For many years they faced a challenge: his job opportunities lay in the east, hers in the west. Her decision was to follow his career. She recalled that it was based on her belief that "good jobs are easier to find than good husbands". In spite of the move, the post-war rush into rocket technology and her expertise meant that she was rarely out of work. She was employed at the Rand Corporation, a Douglas spin-off, and then Wright Aeronautical in New Jersey until she left full-time work, feeling "very put upon" to raise her family.

Brill did some consultancy work, and in 1966 returned full-time to RCA's rocket subsidiary, Astro Electronics, where she developed her satellite propulsion system, also known as the electro-thermal hydrazine thruster, which allowed engineers to more efficiently alter and monitor the position of satellites in a geosynchronous orbit around Earth. She patented her system in 1972, and the first communications satellite using it was launched in 1983.

From 1981 to 1983 she worked at Nasa headquarters in Washington as the director of the space shuttle's solid rocket motor programme. She worked in London for the International Maritime Satellite Organisation (from 1986-91) until her retirement.

Brill received many national and international honours including, the Nasa Distinguished Public Service Medal (2001), and was elected to the US National Academy of Engineering and inducted into the National Inventors Hall of Fame in 2010, along with the creators of Post-it notes; this prompted comments that it took two men to come up with adhesive stationery but one woman to discover how to keep satellites aloft and in place. Her personal and professional balancing act also gained recognition in 1980, when Harper's Bazaar magazine and the DeBeers Corporation gave her their Diamond Superwoman Award for returning to a successful career after starting a family.
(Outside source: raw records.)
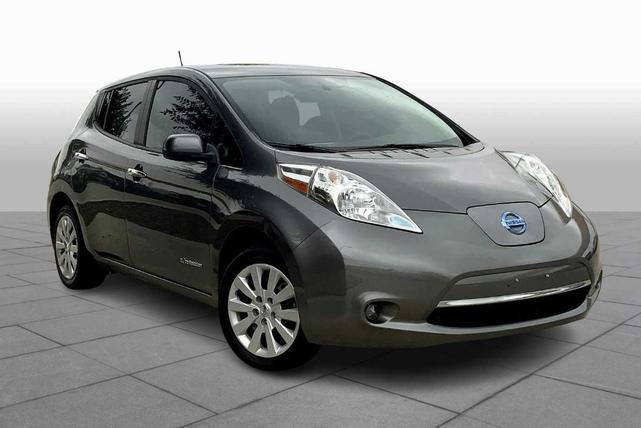 Photo of 2017 Gun Metallic Nissan Leaf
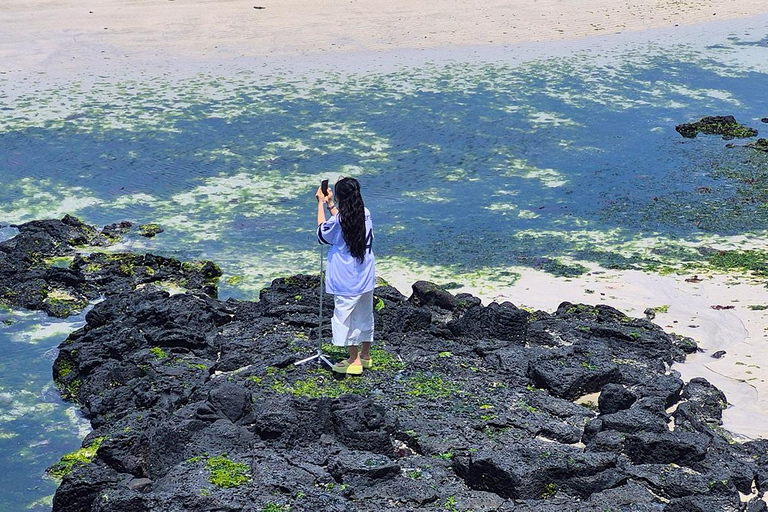 Jeju: UNESCO WestSouth & East Highlights 2 Days Combo Tour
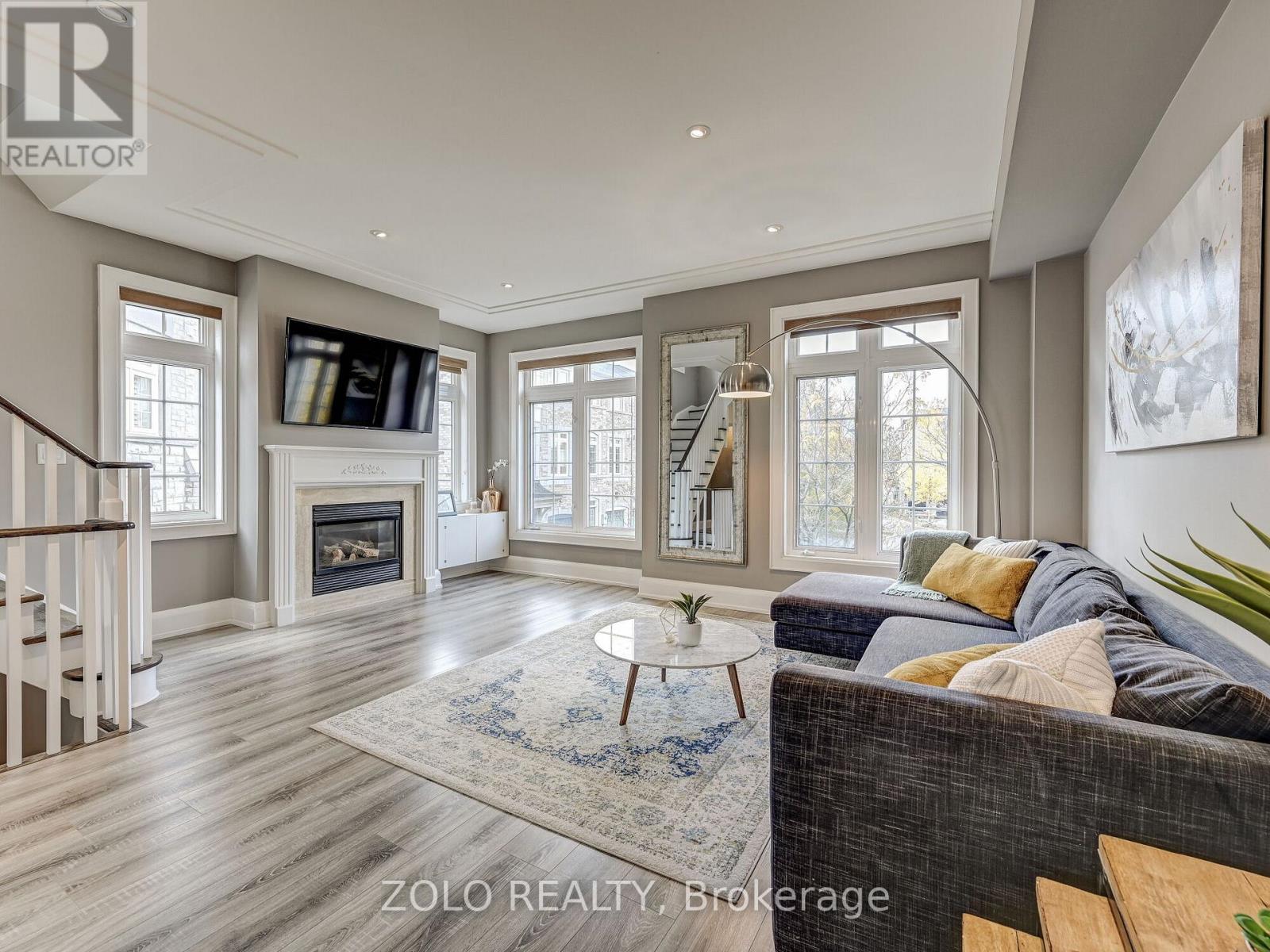 8 Burgon Place, Aurora, Ontario  L4G 7Y2 - Photo 12 - N12753926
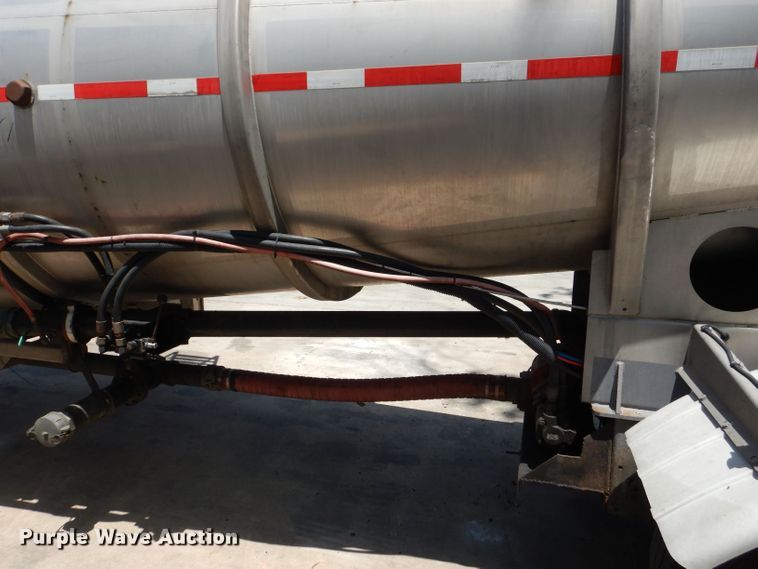 image for item DJ8951 2011 Bulk Tank International  tank trailer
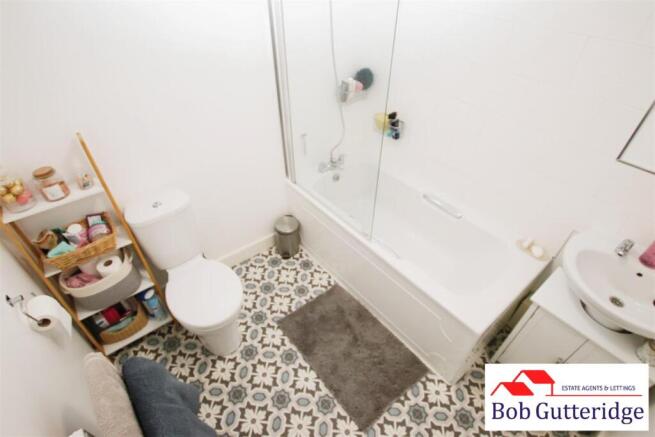 BATHROOM/WC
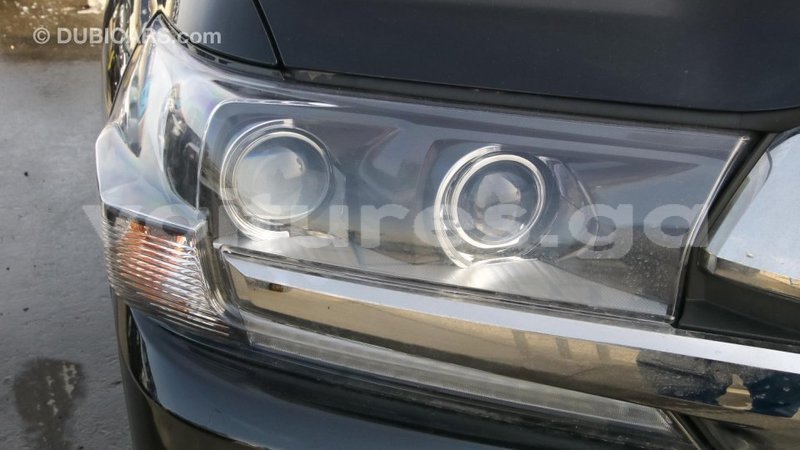 Big with watermark toyota land cruiser estuaire import dubai 4448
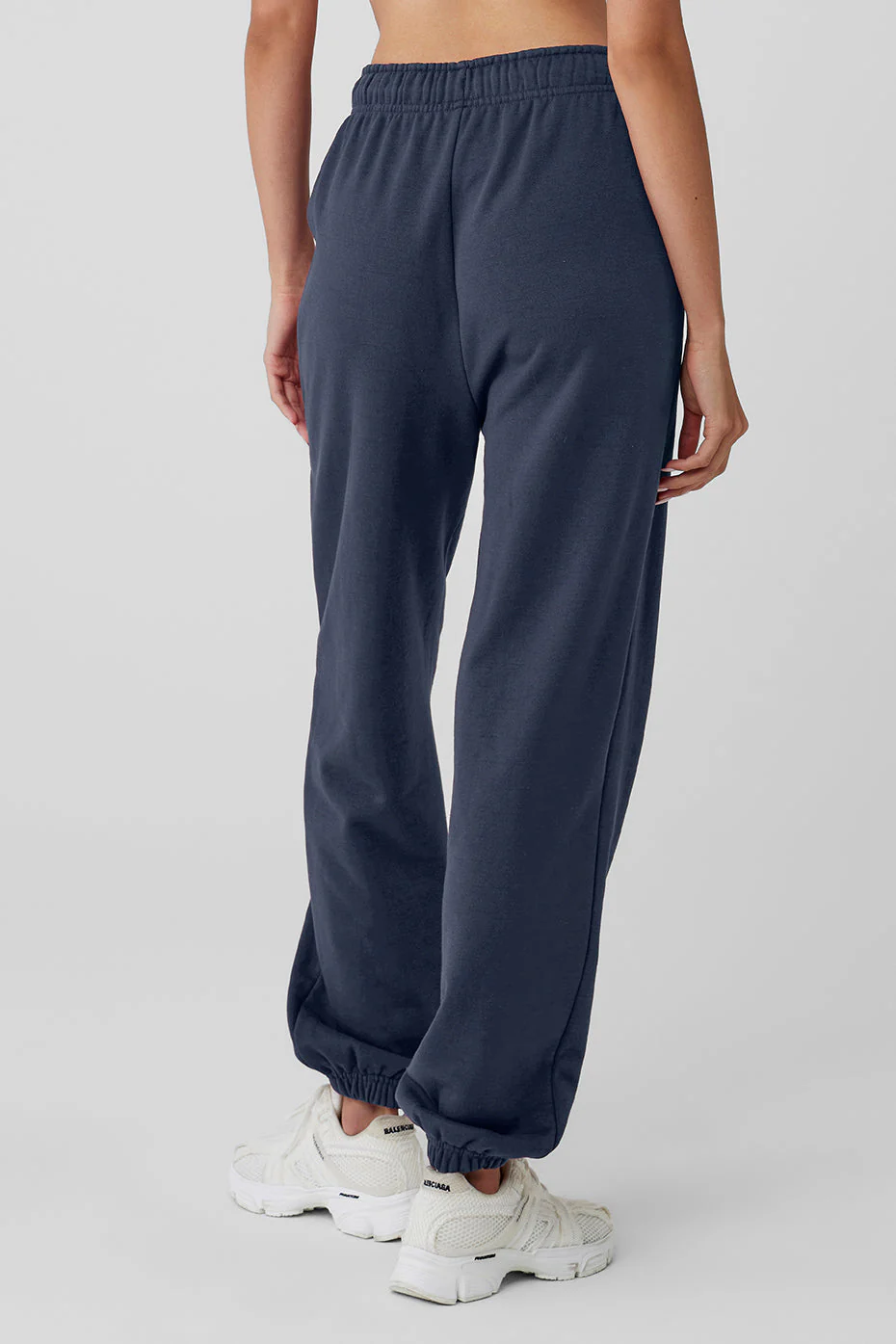 Accolade Sweatpant - Navy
In retirement, Brill travelled all over the US urging young women to follow her example by studying maths and science, and helped foster the careers of women in technical fields. The former president of the Society of Women Engineers, Jill Tietjen, said, "She was a mentor, a champion and a role model for so many of us. She was determined, absolutely determined to help young engineers and scientists get to the next step and get the awards and recognition they deserved."

Brill is survived by her children. Her husband died in 2010.

Yvonne Madelaine Claeys, scientist: born St Vital, Winnipeg, Canada 30 December 1924; married 1951 William Brill (died 2010; two sons, one daughter); died Princeton, New Jersey 27 March 2013.